Various organizations of the Moslem population were united in unions. The largest, "Ditib", the union of that part of the Turkish diaspora loyal to both Germany and Turkey, which makes up its majority and originates from "guest workers", is directly connected with the Turkish state and received muftis appointed from Turkey to its mosques. Another major union of the Turkish diaspora, Milli Gerush, on the contrary, represented radical forces in opposition to the Turkish regime and in its origins united those who lived in the country with the status of "political refugees". Many of its member organizations are under the supervision of special services because of their Islamism.

In addition, there were smaller unions representing other branches of Islam and other ethnic groups.
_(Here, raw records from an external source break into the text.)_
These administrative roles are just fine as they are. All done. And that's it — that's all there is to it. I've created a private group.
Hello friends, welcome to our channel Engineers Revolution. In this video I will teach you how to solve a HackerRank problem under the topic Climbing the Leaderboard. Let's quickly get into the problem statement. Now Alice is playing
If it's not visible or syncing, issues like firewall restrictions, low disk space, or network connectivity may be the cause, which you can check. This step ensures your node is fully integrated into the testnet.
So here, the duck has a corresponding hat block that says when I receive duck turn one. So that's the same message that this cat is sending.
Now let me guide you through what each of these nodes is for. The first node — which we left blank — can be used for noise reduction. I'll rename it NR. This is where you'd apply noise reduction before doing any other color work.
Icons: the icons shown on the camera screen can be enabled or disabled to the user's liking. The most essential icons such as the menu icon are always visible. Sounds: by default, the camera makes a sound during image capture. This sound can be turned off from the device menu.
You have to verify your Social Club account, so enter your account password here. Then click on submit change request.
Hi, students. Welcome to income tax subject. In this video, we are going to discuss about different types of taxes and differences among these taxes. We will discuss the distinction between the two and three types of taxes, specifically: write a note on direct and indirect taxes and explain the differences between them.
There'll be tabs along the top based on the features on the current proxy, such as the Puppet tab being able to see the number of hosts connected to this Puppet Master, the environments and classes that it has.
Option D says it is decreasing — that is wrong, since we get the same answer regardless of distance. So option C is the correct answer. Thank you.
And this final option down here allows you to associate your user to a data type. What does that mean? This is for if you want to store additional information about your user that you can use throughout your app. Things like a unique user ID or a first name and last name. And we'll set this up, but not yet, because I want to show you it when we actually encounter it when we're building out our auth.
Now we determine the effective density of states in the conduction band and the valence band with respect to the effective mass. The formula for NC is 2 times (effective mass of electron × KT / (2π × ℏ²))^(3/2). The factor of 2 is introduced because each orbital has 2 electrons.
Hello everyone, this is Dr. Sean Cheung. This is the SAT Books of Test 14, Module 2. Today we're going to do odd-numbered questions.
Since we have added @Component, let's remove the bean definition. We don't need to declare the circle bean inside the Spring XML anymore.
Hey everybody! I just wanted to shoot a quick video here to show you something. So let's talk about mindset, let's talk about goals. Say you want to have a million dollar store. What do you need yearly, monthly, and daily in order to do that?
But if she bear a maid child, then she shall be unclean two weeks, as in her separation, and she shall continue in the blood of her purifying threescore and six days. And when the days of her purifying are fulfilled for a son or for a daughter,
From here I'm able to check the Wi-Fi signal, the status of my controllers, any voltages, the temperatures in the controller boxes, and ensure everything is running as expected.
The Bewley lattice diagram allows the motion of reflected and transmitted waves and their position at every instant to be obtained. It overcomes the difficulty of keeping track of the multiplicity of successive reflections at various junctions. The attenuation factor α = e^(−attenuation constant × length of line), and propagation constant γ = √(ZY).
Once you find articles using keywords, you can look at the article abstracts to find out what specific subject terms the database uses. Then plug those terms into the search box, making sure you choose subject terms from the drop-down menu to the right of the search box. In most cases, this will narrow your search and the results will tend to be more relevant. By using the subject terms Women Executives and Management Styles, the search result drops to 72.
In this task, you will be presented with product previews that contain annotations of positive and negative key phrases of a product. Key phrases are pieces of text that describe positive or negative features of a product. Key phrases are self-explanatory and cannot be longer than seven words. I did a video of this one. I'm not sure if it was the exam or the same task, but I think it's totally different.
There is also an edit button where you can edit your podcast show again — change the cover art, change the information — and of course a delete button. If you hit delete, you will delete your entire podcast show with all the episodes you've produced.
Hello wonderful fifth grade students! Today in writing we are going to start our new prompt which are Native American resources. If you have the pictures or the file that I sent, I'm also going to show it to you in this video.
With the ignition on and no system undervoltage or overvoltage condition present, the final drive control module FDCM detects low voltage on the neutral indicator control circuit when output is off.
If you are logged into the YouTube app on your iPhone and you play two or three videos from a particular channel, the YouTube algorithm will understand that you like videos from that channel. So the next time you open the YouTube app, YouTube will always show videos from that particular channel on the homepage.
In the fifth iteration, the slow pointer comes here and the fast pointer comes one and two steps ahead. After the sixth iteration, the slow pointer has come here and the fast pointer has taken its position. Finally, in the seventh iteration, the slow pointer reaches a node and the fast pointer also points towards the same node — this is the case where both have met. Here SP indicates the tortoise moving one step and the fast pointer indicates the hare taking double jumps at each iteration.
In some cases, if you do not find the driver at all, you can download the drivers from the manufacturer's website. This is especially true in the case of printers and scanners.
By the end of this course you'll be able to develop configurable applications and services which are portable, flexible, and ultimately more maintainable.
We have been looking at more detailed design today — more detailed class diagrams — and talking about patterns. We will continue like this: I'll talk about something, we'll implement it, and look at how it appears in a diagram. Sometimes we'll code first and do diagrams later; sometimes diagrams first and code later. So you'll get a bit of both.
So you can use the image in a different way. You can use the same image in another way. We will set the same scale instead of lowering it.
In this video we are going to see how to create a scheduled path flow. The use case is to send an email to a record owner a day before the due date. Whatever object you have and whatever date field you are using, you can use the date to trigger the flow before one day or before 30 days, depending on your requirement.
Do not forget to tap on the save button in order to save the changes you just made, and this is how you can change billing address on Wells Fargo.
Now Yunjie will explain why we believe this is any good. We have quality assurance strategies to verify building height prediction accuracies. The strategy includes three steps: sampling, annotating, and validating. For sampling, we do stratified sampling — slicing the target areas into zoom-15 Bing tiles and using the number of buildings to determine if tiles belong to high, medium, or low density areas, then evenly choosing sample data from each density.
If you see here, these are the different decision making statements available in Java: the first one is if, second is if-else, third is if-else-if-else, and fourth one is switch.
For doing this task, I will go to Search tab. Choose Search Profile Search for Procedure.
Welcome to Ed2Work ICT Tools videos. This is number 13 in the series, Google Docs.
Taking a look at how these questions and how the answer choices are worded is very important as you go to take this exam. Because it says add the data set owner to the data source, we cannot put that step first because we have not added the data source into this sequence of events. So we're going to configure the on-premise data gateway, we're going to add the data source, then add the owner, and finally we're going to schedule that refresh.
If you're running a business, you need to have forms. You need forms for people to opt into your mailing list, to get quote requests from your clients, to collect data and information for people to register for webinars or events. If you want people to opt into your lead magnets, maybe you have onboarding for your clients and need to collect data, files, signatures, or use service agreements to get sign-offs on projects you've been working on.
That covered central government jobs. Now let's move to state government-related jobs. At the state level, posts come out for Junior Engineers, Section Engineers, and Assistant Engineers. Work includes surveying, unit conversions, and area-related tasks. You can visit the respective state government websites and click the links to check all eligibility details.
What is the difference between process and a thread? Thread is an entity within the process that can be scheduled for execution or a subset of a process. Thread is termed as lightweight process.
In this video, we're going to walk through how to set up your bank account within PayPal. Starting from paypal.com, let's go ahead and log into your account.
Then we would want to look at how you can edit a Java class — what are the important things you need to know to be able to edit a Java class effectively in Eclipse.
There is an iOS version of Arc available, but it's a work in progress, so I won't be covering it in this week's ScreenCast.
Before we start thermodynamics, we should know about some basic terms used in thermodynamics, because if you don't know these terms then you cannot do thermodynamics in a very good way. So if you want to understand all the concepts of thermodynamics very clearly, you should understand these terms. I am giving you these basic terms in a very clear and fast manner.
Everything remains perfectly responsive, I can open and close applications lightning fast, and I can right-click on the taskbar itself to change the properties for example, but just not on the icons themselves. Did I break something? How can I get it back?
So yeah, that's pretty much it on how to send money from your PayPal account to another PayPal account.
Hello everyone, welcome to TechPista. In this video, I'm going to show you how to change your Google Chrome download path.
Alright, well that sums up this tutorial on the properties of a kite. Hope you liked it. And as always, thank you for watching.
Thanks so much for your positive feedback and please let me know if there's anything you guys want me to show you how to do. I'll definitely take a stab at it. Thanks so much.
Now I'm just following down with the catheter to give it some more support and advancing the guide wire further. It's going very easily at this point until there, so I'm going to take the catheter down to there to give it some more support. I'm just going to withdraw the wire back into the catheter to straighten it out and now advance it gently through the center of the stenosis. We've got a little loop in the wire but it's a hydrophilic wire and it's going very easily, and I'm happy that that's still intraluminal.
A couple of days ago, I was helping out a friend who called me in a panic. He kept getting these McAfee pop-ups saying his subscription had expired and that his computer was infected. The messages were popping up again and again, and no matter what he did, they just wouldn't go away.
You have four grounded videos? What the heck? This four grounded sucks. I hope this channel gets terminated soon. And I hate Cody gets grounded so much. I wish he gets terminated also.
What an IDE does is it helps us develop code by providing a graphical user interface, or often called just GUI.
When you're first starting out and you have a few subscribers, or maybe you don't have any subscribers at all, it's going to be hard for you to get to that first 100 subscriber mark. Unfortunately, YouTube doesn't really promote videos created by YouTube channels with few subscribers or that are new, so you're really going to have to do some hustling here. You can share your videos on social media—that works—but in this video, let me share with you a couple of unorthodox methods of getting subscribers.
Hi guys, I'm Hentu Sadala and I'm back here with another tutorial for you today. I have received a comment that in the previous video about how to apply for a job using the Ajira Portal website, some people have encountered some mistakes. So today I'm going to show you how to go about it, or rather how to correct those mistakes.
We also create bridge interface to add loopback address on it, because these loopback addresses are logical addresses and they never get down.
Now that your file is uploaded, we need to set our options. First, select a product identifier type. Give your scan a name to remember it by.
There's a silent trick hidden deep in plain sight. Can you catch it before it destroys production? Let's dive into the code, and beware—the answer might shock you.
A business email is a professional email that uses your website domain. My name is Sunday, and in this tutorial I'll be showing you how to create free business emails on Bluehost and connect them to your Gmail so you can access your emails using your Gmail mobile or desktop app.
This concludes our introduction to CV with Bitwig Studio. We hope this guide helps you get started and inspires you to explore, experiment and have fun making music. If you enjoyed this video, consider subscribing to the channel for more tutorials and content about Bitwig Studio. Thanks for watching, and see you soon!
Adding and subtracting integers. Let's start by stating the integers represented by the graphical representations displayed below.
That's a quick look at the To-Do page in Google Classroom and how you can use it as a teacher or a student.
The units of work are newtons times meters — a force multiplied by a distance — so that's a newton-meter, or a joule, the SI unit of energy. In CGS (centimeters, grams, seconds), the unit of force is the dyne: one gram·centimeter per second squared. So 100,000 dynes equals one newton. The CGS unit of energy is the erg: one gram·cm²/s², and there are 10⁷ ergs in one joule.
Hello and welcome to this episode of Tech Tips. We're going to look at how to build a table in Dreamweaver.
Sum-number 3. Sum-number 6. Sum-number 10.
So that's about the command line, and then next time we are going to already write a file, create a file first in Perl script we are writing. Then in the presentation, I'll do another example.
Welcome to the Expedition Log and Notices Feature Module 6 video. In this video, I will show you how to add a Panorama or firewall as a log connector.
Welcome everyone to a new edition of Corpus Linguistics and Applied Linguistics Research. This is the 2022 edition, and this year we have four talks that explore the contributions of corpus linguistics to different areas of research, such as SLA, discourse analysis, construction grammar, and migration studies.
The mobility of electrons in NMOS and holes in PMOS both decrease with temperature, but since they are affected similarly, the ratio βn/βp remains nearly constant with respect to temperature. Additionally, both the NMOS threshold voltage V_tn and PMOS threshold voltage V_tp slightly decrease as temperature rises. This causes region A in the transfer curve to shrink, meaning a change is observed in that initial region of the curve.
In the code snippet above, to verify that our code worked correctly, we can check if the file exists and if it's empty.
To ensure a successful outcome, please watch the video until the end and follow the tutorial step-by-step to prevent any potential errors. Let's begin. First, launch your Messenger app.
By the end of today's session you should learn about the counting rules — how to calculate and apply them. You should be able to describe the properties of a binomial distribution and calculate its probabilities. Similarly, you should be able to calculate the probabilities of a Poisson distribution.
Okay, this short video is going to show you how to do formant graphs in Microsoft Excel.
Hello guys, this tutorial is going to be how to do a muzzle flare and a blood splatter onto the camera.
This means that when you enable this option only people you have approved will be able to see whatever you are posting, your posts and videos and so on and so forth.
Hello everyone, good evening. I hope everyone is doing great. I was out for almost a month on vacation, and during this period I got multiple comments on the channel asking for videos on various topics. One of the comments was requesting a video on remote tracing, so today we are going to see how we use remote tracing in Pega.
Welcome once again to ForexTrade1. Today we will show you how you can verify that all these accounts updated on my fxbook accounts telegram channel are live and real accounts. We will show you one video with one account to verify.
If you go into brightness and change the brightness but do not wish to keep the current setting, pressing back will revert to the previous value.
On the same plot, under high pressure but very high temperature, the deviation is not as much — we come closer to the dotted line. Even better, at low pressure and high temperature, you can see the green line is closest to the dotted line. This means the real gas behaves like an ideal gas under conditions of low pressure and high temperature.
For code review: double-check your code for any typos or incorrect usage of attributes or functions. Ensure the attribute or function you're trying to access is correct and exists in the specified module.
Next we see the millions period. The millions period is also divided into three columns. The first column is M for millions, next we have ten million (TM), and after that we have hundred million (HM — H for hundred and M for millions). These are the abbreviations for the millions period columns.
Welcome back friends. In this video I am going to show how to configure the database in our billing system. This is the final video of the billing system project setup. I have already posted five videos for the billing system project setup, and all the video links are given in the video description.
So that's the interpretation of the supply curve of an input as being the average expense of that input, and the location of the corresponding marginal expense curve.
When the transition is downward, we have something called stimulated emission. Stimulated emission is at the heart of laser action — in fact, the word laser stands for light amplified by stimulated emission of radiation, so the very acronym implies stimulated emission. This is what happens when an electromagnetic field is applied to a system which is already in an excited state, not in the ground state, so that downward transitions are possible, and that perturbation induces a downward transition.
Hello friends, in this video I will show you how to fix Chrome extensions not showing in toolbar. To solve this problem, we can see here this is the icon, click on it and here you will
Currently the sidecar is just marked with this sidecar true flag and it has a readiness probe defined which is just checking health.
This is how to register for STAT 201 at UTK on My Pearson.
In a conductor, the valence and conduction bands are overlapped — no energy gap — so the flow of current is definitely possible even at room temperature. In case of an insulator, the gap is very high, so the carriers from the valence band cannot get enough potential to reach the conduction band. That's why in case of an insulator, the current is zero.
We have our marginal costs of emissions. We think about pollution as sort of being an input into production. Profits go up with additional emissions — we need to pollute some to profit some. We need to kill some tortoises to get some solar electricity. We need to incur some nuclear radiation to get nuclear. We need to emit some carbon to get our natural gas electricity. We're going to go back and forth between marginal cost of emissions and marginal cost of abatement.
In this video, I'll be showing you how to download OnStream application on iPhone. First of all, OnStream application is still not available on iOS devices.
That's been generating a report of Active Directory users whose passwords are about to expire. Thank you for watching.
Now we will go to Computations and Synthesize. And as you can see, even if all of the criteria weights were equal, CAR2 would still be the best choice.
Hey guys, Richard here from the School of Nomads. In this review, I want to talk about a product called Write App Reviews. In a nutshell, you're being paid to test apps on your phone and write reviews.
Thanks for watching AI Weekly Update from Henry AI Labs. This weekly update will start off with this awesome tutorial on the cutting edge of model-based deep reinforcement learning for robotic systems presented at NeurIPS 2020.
Most of the unions are united into two competing parent organizations, the Islamic Council of Germany, which unites mainly Turkish Sunni organizations and the Central Council of Moslems of Germany, in which Arab Islam is mainly represented.

The identity processes within the Moslem community were of little interest to the state and society, except that by the mid-1990s sociologists noticed that, unlike the second and third generation of "guest workers", who sought to integrate into the life of Germany at a higher level than the parents standing at the factory conveyors, and gave the diaspora a galaxy of Turkish teachers, doctors, journalists and even politicians, the fourth generation, the youth, have the opposite development -adherence to their Turkish identity and Islam, and, often, in a radical form.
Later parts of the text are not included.